What you want is for all the data you’ve collected to be available all the time. You can run searches on that data and tag the search results (say, “For Further Review” or “Possibly Relevant”) to do the equivalent of ECA culling. Then review assignments can be drawn from the documents so tagged. But, if what’s possibly relevant changes later, you can either untag these documents or tag other documents, effectively updating your culling decisions in real time. Because all the data is already in the review tool, there is no additional cost or delay in processing new data to be added or taking that new data through ECA.

(Here’s another way of making the same point.

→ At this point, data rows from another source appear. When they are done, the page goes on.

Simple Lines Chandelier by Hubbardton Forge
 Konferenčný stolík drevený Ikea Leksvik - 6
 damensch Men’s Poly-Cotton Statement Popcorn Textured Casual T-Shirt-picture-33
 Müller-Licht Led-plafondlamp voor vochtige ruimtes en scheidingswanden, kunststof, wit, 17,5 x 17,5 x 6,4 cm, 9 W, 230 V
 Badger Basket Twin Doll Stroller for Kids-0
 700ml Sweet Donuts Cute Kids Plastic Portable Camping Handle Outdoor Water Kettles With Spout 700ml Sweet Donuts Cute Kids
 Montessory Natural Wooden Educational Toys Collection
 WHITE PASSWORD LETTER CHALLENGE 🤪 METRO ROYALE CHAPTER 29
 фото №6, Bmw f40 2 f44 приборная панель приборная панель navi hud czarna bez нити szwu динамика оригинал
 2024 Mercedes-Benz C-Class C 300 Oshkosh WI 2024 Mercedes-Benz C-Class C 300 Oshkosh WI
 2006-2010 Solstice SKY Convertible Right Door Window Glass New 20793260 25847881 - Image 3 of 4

Lawyers often fear predictive coding because it seems too simplistic; how can you generalize from some documents to others without individual review? But culling based on search terms or date ranges is egregiously simplistic generalization, far more simplistic than even the worst predictive coding on the market.)

Disco includes all ECA features as part of the review tool itself. And Disco’s pricing and automated processing makes it cost effective to just load all the data you collect into Disco and use tagging in place of ECA and culling. ECA, like so many other aspects of ediscovery, is not a best practice, or even a reasonable practice, but rather a second-best or third-best reaction to how expensive processing and loading into other review tools is. In short, Disco makes separate ECA tools obsolete.